City of Detroit must turn over mayor's secret settlement docs
Following a judge’s ruling Tuesday morning, Detroit citizens will now get to view more of the sordid details of their mayor’s recent affair and the secret settlement deal reached with two of his former bodyguards that gave the men $8.4 million of city funds to walk away and keep quiet about it.
Attorneys for Mayor Kwame Kilpatrick immediately said they will appeal the decision by Wayne County Judge Robert Colombo Jr., who rebuffed the city by ruling that the state’s Freedom of Information Act mandates the disclosure of the settlement details that relate to an estimated 14,000 text messages sent between the mayor and his former chief of staff, Christine Beatty.
The city had argued that some of the settlement documents — the bulk of which the city once claimed didn’t even exist — are private and therefore exempt from disclosure under state law.

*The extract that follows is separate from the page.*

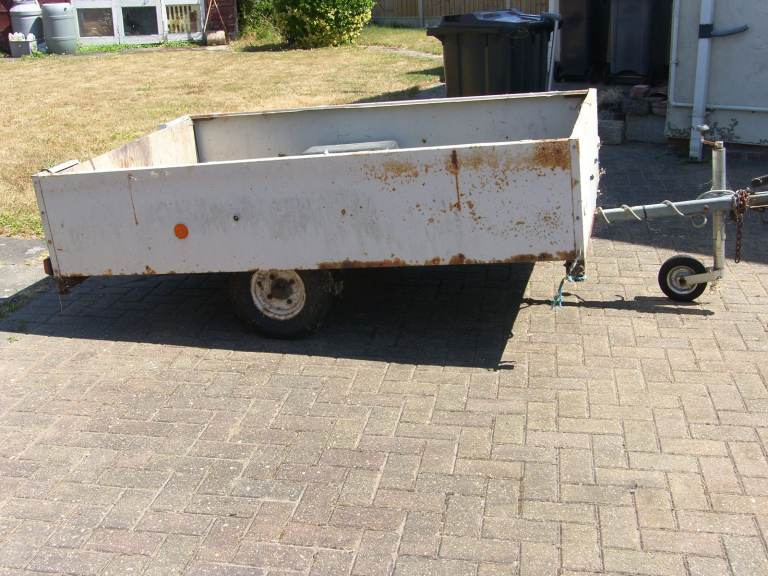 TRAILER FOR VAN/CAR I USED IT TO TAKE RUBBISH TO COUNCEL DUMP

“Nothing could be further from the truth,” the judge said, according to a Detroit Free Press report.
The Free Press has already reported on some of the text messages, which suggest that Kilpatrick lied in court when he testified he was not having an affair with Beatty and that he may have had motive to fire the two bodyguards. After the bodyguards claimed they were forced out to protect the mayor’s reputation, they sued but then eventually settled for the $8.4 million.